- _Work instructions_
Find every line below that contains the word "sitting" and copy it out.

- _Source data_

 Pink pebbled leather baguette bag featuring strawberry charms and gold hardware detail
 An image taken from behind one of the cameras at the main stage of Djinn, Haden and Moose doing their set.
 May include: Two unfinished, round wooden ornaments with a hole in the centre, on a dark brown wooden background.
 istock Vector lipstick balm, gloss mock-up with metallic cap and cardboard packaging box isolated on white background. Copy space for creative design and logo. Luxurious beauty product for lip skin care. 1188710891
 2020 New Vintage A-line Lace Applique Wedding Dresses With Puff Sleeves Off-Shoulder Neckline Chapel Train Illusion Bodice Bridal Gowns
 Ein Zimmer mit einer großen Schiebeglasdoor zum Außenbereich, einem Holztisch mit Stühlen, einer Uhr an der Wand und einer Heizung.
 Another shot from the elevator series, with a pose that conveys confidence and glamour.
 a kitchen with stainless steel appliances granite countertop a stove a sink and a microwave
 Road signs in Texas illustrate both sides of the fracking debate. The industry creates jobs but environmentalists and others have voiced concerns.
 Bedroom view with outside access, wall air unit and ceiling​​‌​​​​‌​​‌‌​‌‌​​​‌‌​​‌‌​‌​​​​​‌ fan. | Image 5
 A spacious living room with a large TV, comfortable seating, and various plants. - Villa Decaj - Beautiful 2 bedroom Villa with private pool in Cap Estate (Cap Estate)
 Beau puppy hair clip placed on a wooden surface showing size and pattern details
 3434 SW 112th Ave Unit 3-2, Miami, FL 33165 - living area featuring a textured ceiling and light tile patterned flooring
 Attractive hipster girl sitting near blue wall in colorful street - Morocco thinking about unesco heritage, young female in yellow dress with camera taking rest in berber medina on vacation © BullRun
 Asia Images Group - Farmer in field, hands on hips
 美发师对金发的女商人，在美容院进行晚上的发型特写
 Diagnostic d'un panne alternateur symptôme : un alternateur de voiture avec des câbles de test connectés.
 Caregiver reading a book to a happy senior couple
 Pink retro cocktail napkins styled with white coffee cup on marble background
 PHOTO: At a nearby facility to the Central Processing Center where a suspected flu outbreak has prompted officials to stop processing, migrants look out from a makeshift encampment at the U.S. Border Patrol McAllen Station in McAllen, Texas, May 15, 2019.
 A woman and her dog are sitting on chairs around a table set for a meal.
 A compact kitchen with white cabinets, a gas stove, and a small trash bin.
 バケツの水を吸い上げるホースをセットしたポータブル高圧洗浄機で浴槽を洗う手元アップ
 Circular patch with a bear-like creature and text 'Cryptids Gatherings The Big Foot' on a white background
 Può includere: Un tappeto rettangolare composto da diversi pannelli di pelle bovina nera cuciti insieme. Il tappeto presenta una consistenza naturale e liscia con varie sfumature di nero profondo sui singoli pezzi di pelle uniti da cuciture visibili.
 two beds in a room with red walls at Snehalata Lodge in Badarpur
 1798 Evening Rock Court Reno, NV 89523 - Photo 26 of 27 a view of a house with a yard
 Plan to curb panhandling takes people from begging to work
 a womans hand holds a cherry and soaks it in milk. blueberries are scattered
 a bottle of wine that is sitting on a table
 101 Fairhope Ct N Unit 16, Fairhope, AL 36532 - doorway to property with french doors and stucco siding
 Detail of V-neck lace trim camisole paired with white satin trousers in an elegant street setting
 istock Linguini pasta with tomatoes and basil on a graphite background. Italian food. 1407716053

- _Your response_
 Attractive hipster girl sitting near blue wall in colorful street - Morocco thinking about unesco heritage, young female in yellow dress with camera taking rest in berber medina on vacation © BullRun
 A woman and her dog are sitting on chairs around a table set for a meal.
 a bottle of wine that is sitting on a table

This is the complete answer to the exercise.